##### DATA

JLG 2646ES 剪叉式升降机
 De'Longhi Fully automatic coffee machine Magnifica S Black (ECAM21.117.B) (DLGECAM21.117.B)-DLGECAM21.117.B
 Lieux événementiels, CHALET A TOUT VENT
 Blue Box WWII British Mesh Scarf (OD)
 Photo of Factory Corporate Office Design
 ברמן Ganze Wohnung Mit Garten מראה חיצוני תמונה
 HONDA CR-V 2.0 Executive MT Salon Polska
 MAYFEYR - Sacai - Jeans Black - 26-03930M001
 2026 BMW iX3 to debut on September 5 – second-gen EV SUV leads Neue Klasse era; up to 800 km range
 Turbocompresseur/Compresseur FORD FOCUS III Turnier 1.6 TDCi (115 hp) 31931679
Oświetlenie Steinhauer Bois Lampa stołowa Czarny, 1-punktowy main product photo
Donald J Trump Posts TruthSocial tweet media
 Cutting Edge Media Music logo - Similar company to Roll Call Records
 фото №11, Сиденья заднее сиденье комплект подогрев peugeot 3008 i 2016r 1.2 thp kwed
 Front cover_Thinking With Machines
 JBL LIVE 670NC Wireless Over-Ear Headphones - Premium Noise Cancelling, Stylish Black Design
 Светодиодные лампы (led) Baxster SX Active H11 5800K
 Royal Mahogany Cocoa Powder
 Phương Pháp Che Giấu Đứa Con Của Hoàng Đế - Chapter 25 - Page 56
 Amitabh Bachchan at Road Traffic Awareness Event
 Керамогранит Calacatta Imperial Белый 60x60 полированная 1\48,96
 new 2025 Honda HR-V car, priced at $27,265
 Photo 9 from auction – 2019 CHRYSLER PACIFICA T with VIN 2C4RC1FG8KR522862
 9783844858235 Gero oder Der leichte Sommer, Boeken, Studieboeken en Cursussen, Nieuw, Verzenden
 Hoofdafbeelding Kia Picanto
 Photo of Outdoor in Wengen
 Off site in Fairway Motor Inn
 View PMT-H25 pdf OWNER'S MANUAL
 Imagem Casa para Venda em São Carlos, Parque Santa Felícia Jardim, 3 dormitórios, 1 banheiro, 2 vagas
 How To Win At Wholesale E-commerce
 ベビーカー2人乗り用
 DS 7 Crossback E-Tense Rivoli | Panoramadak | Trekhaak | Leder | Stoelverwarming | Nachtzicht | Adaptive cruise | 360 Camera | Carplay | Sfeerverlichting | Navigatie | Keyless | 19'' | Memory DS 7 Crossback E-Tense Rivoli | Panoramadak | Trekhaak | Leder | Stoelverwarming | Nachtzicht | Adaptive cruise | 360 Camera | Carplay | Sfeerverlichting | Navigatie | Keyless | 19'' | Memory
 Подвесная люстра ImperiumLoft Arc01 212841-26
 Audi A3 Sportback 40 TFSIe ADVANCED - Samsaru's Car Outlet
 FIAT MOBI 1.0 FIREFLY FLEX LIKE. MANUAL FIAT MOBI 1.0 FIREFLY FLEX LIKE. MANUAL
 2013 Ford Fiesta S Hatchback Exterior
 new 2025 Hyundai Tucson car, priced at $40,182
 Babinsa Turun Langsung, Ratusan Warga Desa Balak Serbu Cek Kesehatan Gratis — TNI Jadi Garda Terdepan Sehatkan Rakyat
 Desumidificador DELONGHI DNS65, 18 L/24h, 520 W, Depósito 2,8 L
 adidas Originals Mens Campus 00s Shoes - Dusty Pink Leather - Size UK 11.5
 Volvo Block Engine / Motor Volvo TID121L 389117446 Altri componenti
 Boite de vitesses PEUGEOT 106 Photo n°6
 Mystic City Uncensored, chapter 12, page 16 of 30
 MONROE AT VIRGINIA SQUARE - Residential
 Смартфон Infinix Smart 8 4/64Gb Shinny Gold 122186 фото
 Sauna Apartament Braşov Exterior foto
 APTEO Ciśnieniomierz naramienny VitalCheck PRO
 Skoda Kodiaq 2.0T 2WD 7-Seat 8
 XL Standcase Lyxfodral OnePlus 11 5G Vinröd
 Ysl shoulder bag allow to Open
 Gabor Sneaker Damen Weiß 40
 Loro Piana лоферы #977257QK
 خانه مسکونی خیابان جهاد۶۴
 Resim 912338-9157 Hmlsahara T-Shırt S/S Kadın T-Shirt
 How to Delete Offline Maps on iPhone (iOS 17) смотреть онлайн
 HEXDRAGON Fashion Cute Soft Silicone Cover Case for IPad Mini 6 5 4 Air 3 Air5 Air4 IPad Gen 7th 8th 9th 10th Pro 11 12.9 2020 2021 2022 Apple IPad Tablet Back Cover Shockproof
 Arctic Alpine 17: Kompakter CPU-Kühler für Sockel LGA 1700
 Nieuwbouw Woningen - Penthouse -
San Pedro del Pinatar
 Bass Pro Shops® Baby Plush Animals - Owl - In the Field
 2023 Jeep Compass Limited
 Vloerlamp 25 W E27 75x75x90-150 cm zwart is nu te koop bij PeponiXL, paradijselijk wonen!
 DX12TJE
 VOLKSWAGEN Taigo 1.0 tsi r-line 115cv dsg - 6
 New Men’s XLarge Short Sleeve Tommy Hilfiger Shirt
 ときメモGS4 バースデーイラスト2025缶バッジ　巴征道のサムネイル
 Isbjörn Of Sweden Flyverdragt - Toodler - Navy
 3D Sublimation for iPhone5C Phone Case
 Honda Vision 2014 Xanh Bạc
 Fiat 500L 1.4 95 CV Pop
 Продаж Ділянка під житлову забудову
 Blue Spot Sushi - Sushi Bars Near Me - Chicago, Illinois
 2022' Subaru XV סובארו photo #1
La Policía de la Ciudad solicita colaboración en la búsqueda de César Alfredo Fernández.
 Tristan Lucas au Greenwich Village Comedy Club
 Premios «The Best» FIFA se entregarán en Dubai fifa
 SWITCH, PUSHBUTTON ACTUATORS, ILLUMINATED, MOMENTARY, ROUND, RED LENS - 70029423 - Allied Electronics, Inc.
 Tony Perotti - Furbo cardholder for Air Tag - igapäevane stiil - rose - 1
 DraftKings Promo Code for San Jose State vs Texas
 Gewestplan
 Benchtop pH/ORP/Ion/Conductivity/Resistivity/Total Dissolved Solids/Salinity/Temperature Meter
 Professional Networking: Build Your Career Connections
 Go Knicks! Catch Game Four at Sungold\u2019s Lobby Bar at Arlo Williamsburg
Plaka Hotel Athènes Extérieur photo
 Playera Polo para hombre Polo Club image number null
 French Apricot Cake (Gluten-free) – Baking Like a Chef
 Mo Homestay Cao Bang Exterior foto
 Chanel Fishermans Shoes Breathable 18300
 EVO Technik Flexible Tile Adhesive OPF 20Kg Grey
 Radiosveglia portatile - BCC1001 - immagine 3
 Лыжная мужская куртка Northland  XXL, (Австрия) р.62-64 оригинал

##########

THE TASK => Please restate the records word for word. Go from the first line to the line with "Amitabh Bachchan at" and include both.

ANSWER AREA =>
JLG 2646ES 剪叉式升降机
 De'Longhi Fully automatic coffee machine Magnifica S Black (ECAM21.117.B) (DLGECAM21.117.B)-DLGECAM21.117.B
 Lieux événementiels, CHALET A TOUT VENT
 Blue Box WWII British Mesh Scarf (OD)
 Photo of Factory Corporate Office Design
 ברמן Ganze Wohnung Mit Garten מראה חיצוני תמונה
 HONDA CR-V 2.0 Executive MT Salon Polska
 MAYFEYR - Sacai - Jeans Black - 26-03930M001
 2026 BMW iX3 to debut on September 5 – second-gen EV SUV leads Neue Klasse era; up to 800 km range
 Turbocompresseur/Compresseur FORD FOCUS III Turnier 1.6 TDCi (115 hp) 31931679
Oświetlenie Steinhauer Bois Lampa stołowa Czarny, 1-punktowy main product photo
Donald J Trump Posts TruthSocial tweet media
 Cutting Edge Media Music logo - Similar company to Roll Call Records
 фото №11, Сиденья заднее сиденье комплект подогрев peugeot 3008 i 2016r 1.2 thp kwed
 Front cover_Thinking With Machines
 JBL LIVE 670NC Wireless Over-Ear Headphones - Premium Noise Cancelling, Stylish Black Design
 Светодиодные лампы (led) Baxster SX Active H11 5800K
 Royal Mahogany Cocoa Powder
 Phương Pháp Che Giấu Đứa Con Của Hoàng Đế - Chapter 25 - Page 56
 Amitabh Bachchan at Road Traffic Awareness Event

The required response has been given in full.